A review of 22 machine learning libraries to help you choose which one might be right for your pipeline.
At Georgian Partners, our data science team is consistently looking for ways we can improve our efficiency and the efficiency of teams at our portfolio companies. One way is through improving the tooling in our machine learning pipelines. Rather than manually writing code to manipulate datasets it can be more efficient to draw from the vast collection of libraries available. However, there are so many libraries claiming to improve upon different processes in different ways it is overwhelming to make a selection. In this paper we distill down the core functionality of 22 machine learning libraries to make it clear which ones are the right choice for your pipeline.

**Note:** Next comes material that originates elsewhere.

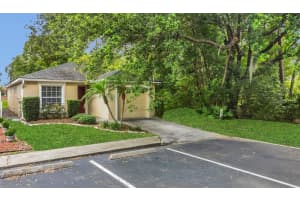 4018 AUGUST COURT, CASSELBERRY, FL 32707 - MLS#MFRO6317736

A typical machine learning project breaks down into discrete steps: collecting raw data, merging data sources, cleaning data, feature engineering, model construction, hyperparameter tuning, model validation, and deployment. Data scientists can best contribute their ingenuity to the model construction phase, yet anecdotally it seems that the most time consuming pieces of machine learning are feature engineering and hyper parameter tuning. Thus, many models are not optimal as they move from experimental stages to production prematurely due to time constraints, or deployment in production is delayed.
Automatic machine learning (AutoML) frameworks reduce the load on data scientists so they can spend less time on feature engineering and hyperparameter tuning, and more time experimenting with model architectures. A quick exploration of the solution space not only allows a data scientist to quickly assess a dataset but also provides a baseline performance to improve upon. This paper provides a functional review of existing AutoML frameworks.

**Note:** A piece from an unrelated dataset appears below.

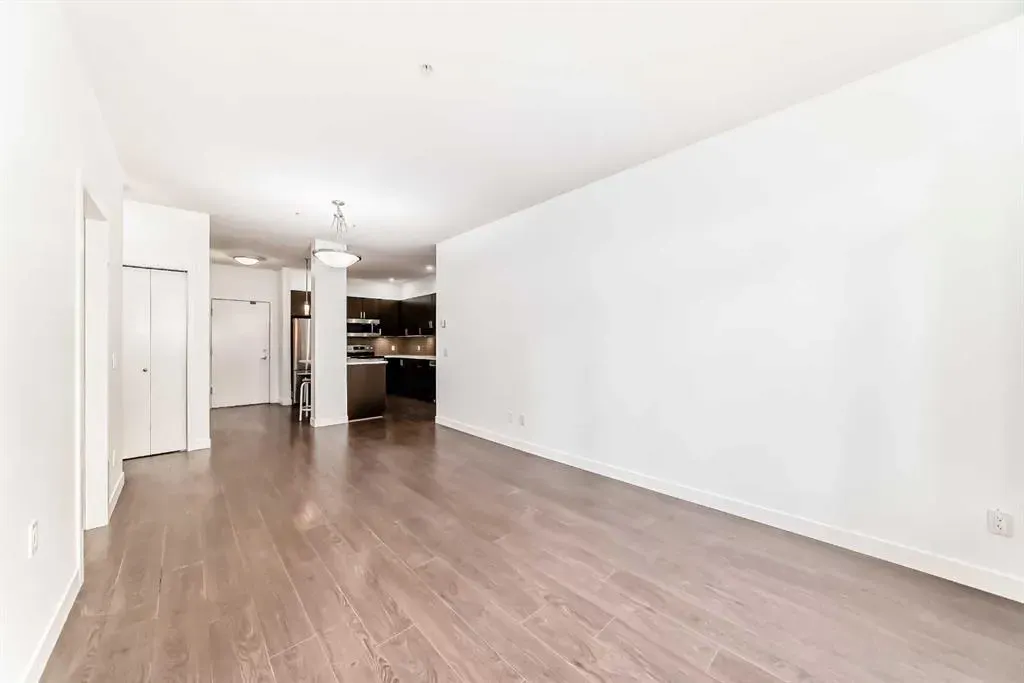 22 Auburn Bay Link SE, #109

We survey open source frameworks that automate single or multiple parts of the machine learning pipeline. The parts of this pipeline that are serviceable by automatic frameworks are model construction, feature engineering, and hyperparameter optimization and thus we analyze mature frameworks claiming to optimize any combination of those tasks. We choose libraries that could feasibly be included in the pipeline of an enterprise data science team with minimal implementation effort. Each framework review includes, if applicable, the goal of the library, the statistical method implemented, and the primary differentiating factors to consider when deciding whether to integrate it with a new or existing project.

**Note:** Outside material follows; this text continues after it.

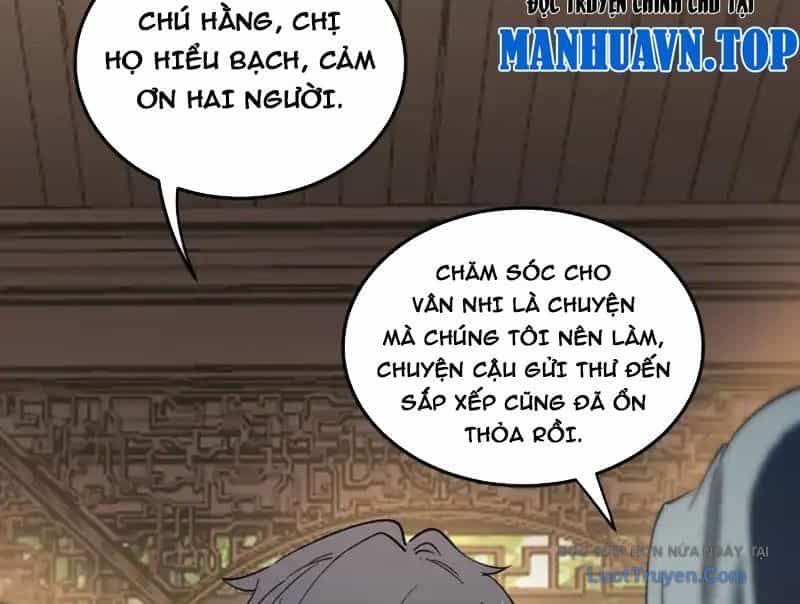 Thánh Hiệp Sĩ Cấp Sss - Chương 110 - ảnh 79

Some AutoML solutions address single portions of the data science pipeline. Although they do not provide an end to end solution, these libraries focus on implementing a cutting edge method to solve a specific problem or operate in a specific environment with unique constraints and thus are worth considering.
Link — 1,347 Stars — 139 Forks — 119 Commits — BSD 3-Clause — Last Release 30 May, 2018 (0.1.21)
Featuretools is a package that aims to address the challenges of feature engineering by utilizing the schema from datasets sourced from relational databases. The open source platform is a subset of a commercially available front end service that serves enterprise customers. Featuretools uses an algorithm called Deep Feature Synthesis (DFS) that traverses relationship pathways described through the schema of a relational database. As DFS traverses these pathways, it generates synthesized features through operations applied to the data including sums, averages, and counts. For example, it might apply a sum operation to a list of transactions from a given client id aggregated them into a column. Though, that was a depth one operation, the algorithm can traverse deeper features. Feature tools’s greatest strengths are its reliability and ability to deal with information leakage while using time series data.
Link — 318 Stars — 82 Forks — 62 Commits — BSD 3-Clause — Last Release 5 Mar, 2017 (0.1.5)
Boruta-py is an implementation of the brouta feature reduction strategy in which the problem is framed in an “all-relevant” fashion whereby the algorithm retains all features that significantly contribute to the model. This is opposed to a “minimum optimal” feature set that many feature reduction algorithms apply.
The boruta method determines feature importance by creating a synthetic feature composed of randomly reordered values of the target feature, and then trains a simple tree based classifier on the original feature set and a feature set in which the target feature is replaced by the synthetic feature. The difference in performance for all features is used to compute relative importance.
Link — 494 Stars — 115 Forks — 171 Commits — BSD 3-Clause — Last Release 22 Jan, 2018 (1.2.6)
The package extends many categorical encoding methods that implement the scikit-learn data transformer interface. The package implements common categorical encoding methodologies such as one hot encoding and hash coding but also more niche encoding methods such as base n encoding and target encoding., This package is useful to deal with real world categorical variables that, for example, might have high cardinality. The package also directly works with pandas data frames, imputes missing values, and handles transforming values that might have been outside of the training set.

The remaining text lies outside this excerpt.